Task goal:
The answer must consist solely of the lines from the one with "SBM_43860 - D6" through the last line of the data, copied exactly, with no pictures.
====
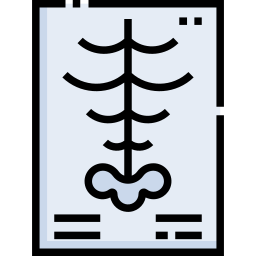 X rays icon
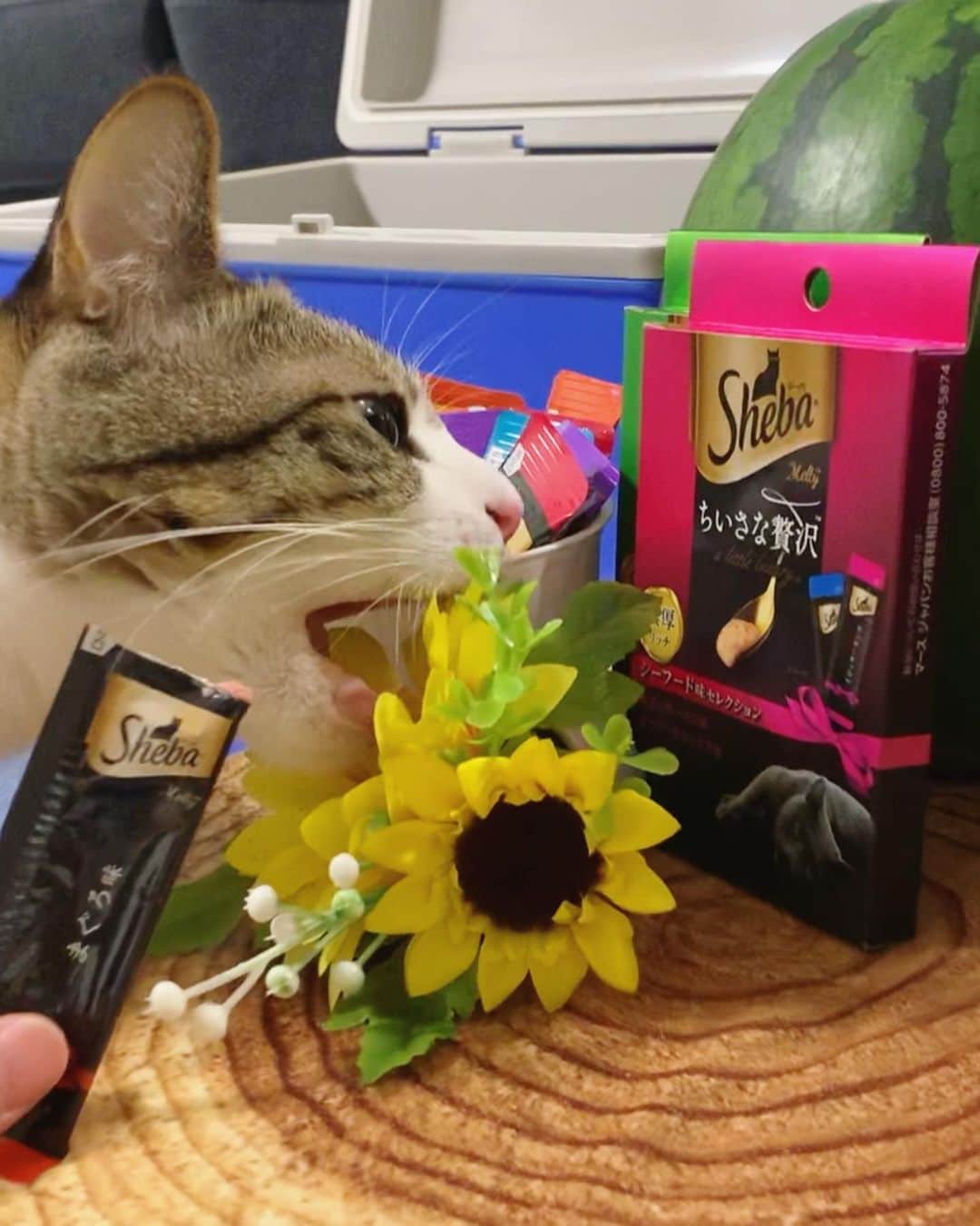 すずめくんさんのインスタグラム写真 - (すずめくんInstagram)「❄️🍧🍉 .  あれあれ？？すーちゃん？(゜＿゜)🌻🌻 食べるとこが違いますよ〜( 。ω 。) .  お盆休みのみんにゃもお仕事のみんにゃもウマウマ食べて暑さに負けず夏をのりきろうニャン☀️🍉🌻 .  おやつ大好き すー でした。 .  #cat #猫 #ネコ #シーバ #とろーりメルティ #夏  #夏猫 #ちいさな贅沢 #PR」8月10日 9時40分 - suzume0513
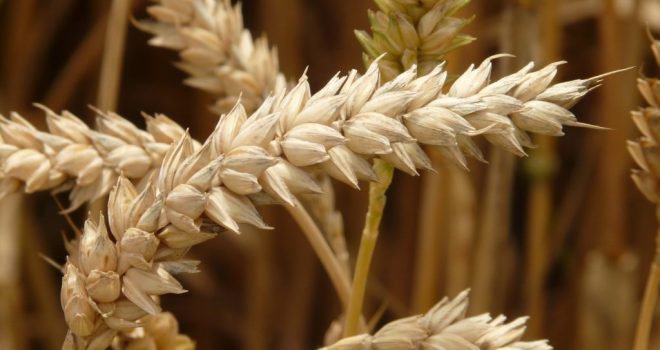 Tarwe: de geschiedenis en hoe dit graan veranderd is Tarwe: het bekendste graan in brood. Is het echt ongezond?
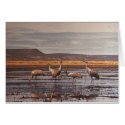 Card / Sandhill Cranes @ Innoko NWR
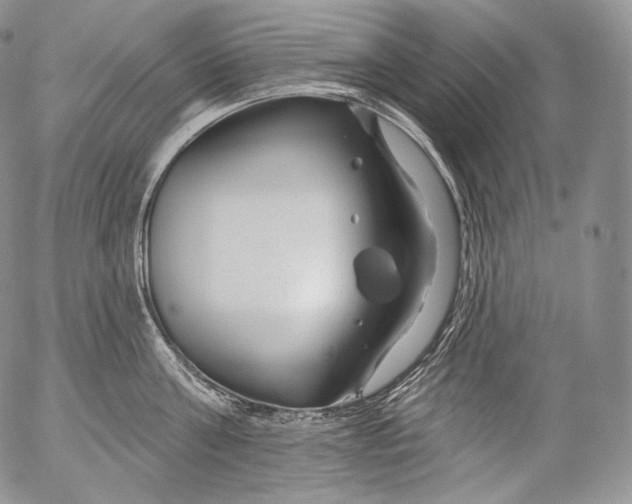 X0000053120811200508012150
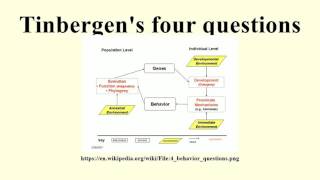 Tinbergens four questions [upl. by Terriss]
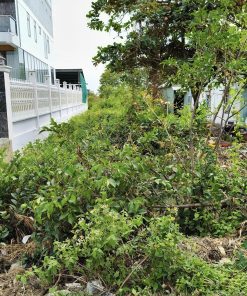 🍀Bán Đất Mặt Tiền 279m² tại Cần Giờ, TP.HCM – Tiềm Năng Kinh Doanh, Giá Chỉ 3,6 Tỷ🍀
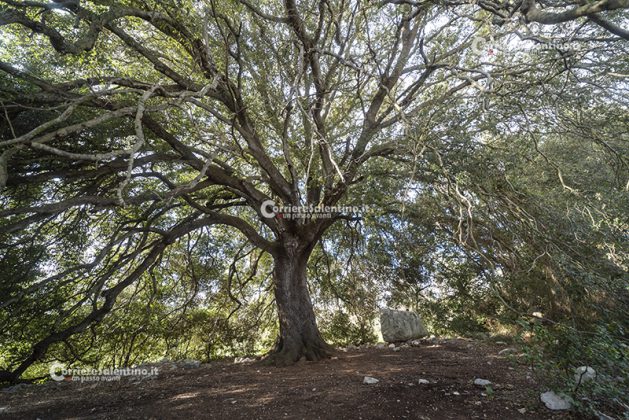Flora e vegetazione del Salento: La Lecceta - Corriere Salentino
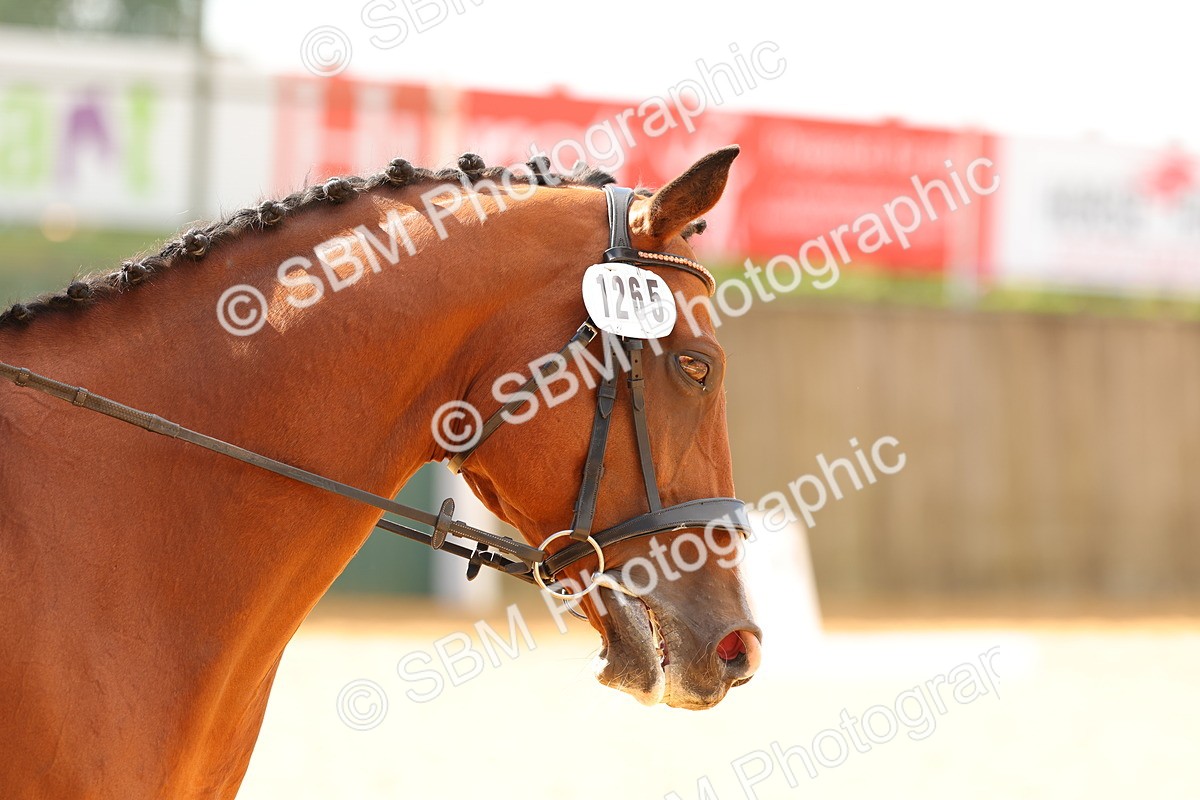 SBM_43860 - D6 - Small Tour Championship - Intro C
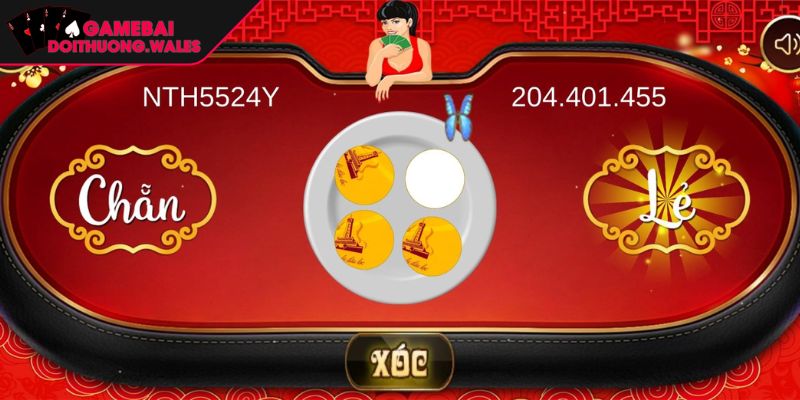 Xóc Đĩa Online Hướng Dẫn Chi Tiết & Chiến Thuật Thắng Lớn 2 Các cửa cược cơ bản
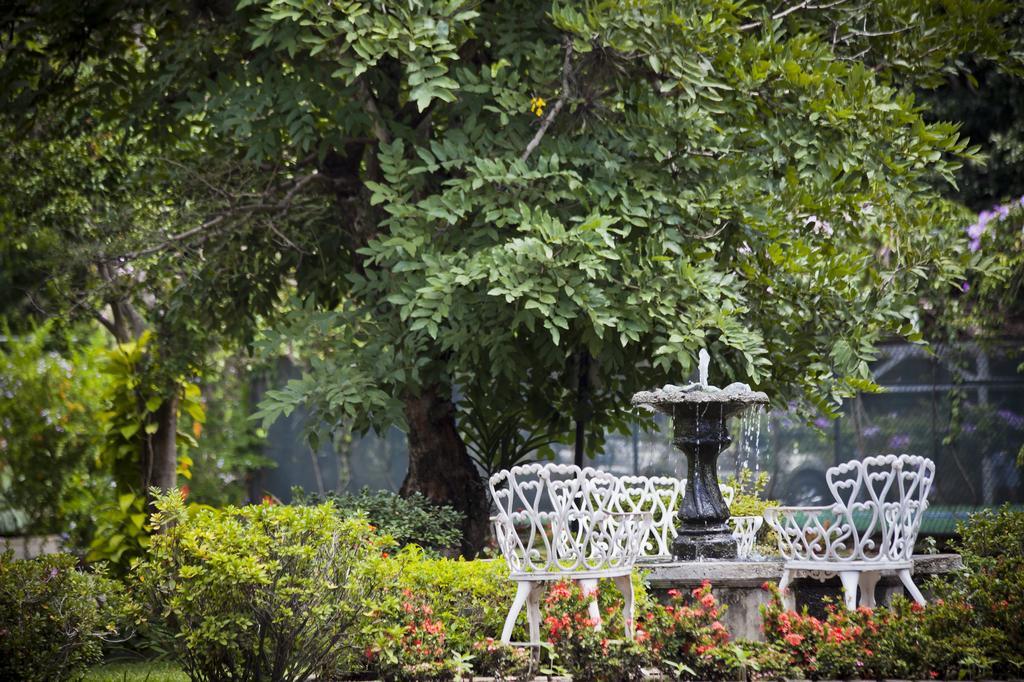 Hotel El Rodeo Boutique & Steakhouse 4*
====
Written solution:
 SBM_43860 - D6 - Small Tour Championship - Intro C
 Xóc Đĩa Online Hướng Dẫn Chi Tiết & Chiến Thuật Thắng Lớn 2 Các cửa cược cơ bản
 Hotel El Rodeo Boutique & Steakhouse 4*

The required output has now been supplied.